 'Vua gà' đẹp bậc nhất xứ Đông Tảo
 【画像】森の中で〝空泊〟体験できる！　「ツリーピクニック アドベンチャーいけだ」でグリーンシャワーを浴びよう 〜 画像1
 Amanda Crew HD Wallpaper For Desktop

...

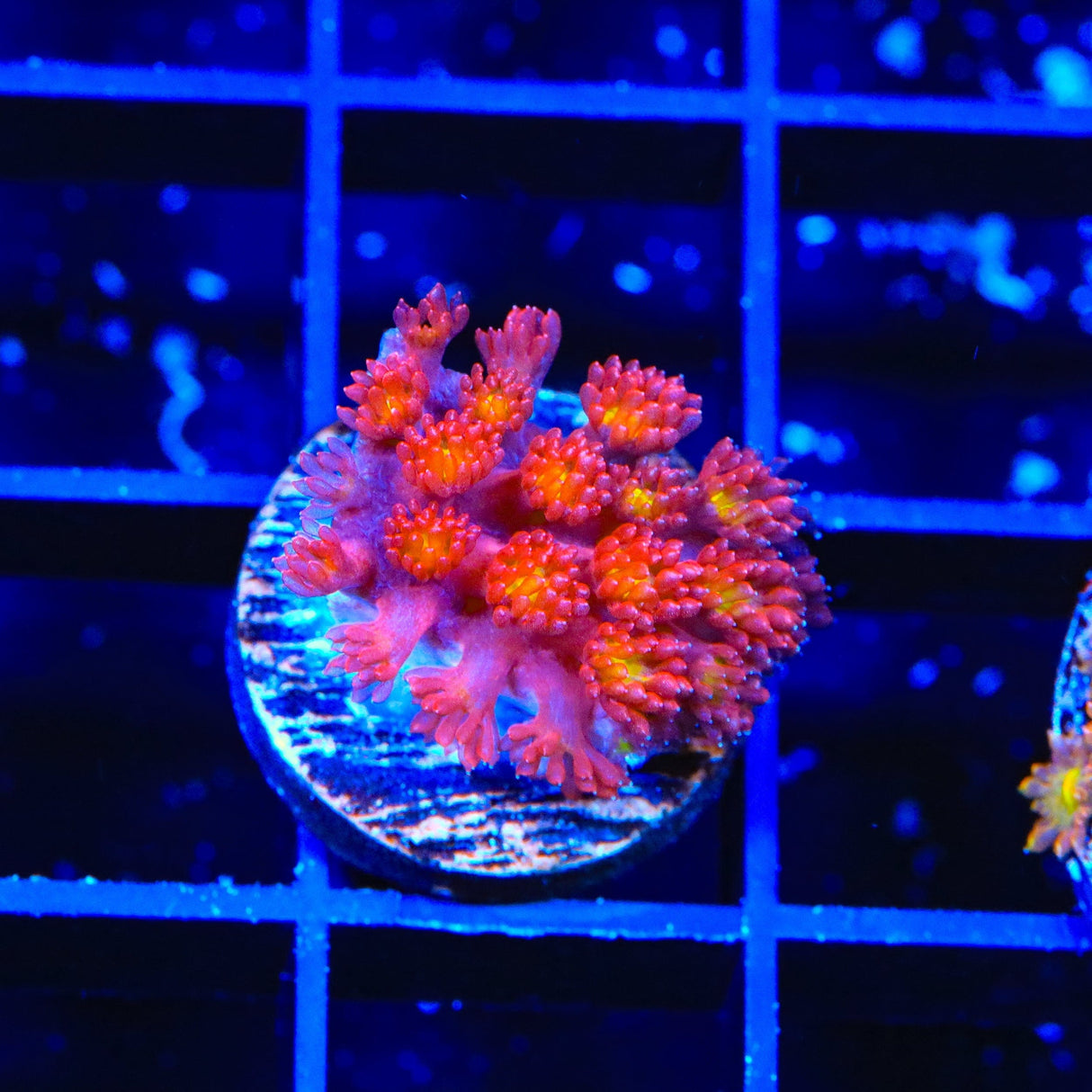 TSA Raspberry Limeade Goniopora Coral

## What needs to be done
Only one stretch of the data above is needed. Restate it word for word, from the line containing "アドベンチャーいけだ」でグリーンシャワーを浴びよう 〜 画像1" through the line containing "Amanda Crew HD Wallpaper For Desktop", both ends included.

## Exercise solution
 【画像】森の中で〝空泊〟体験できる！　「ツリーピクニック アドベンチャーいけだ」でグリーンシャワーを浴びよう 〜 画像1
 Amanda Crew HD Wallpaper For Desktop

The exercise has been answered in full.